Konami's Silent Hill series has been stuck in a rut for the best part of a decade, churning out average retail returns to a Stygian fanfare of middling review scores - and when you don your Cunning Parallel hat, that's rather appropriate. The first three, beyond-excellent instalments on PS2 and Xbox built their narratives on soul-wrenching existential paralysis, on being psychologically stuck in the mud.
The whys and hows differ from game to game (and ending to ending) but each premise invariably gives rise to something along the following lines: an average guy or gal on a deserted, foggy street; the words "Silent Hill" in flaking paint on a nearby billboard; everlasting torment at the hands of literally manifest private nightmares.
If the franchise's run of subpar efforts matches the decrepit state of the fiction, we can't chuckle appreciatively at the irony of it all forever. Sooner or later, Silent Hill must return to form, wrestling the survival horror crown from the hands of youthful pretenders Amnesia: The Dark Descent and Dead Space 2. The next and eighth instalment is Silent Hill: Downpour, developed by Vatra Games. Here's how Konami could make it the best yet, with a little input from producer Tomm Hulett.
Open Out The Map
Silent Hill has never been a true-blue open-worlder, sealing off huge portions of the map with broken door locks and chasms, but last generation outings left those red squiggly lines sufficiently far apart to make the town feel real - not just an arbitrary sequence of closed spaces, but an entity with its own internal structure, and a malevolent entity at that.
Origins and Homecoming represent a drift in the opposite direction, and one Konami is eager to correct. According to Hulett: "SH1 and 2 had a lot of exploration moments in the town itself, where players had to wander around and find their way. Later games lost this feature but we wanted to bring it back. Since Downpour is on much more powerful consoles, the town size and the detail we can achieve is much greater. So fans will have a lot to take in."
Bring Back The Wimps
The best Silent Hill games don't "do" strong protagonists; they do fascinatingly feeble ones. The first game's hero, Harry Mason, was a weak-kneed everyman who spent most of the plot never quite catching sight of his infant daughter. Then came Silent Hill 2's James Sutherland, a stoop-shouldered, teary-eyed bundle of impotency who can barely hold a crowbar straight. Silent Hill 3 gave us Heather, a teenage girl of interest to the forces of darkness only because she happens to be the unwitting mother of a god, and Silent Hill 4 introduced players to Henry Townshend, a man locked in his own flat.

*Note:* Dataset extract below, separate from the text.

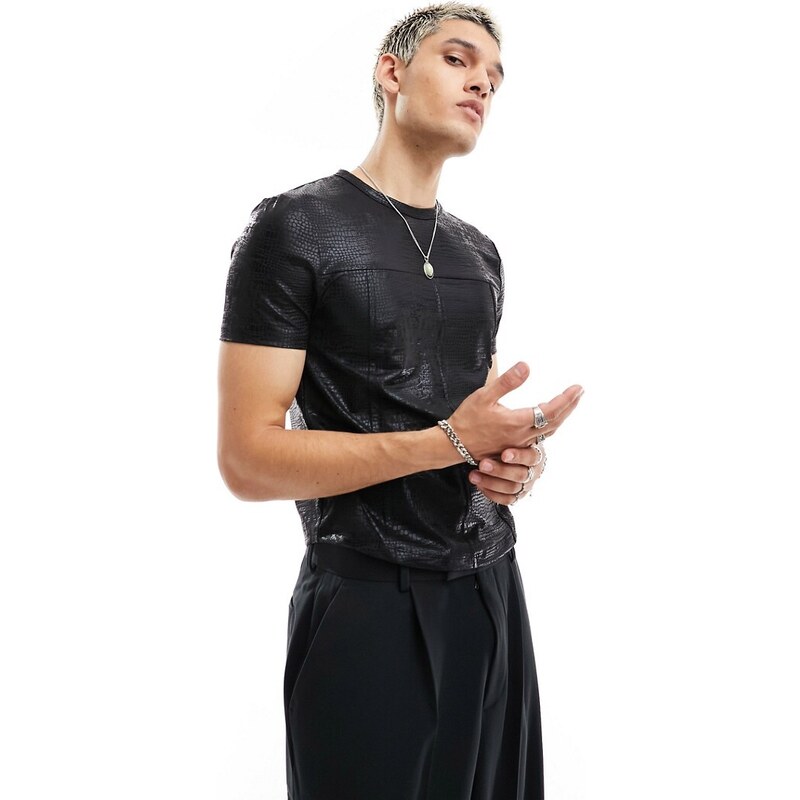 ASOS DESIGN - T-shirt attillata in pelle sintetica effetto coccodrillo con dettaglio a corsetto-Nero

Alas, Konami's supplies of sympathetic wussiness had run dry when work began on Origins, which put us in charge of hardened trucker Travis Grady, and this sudden streak of machismo ran over into Homecoming, helmed by war hero Alex Shepherd. Both men had their personal issues, but they were also skilled combatants, more than a match for the monsters Silent Hill conjured from the depths of their backstories.
Konami needs to arrest this process of gradual beefing-up, which presumably has to do with appeasing the COD crowd, in order to restore the franchise's waning chills. It's hard to be scared when you're putting down phantasms with your bare fists. Don't empower us, chaps - break us down. Draw out our inner children. We're all wimps at heart. Vatra isn't off to a very auspicious start here - the latest lost soul to hit the chopping block is escaped convict Murphy Pendleton.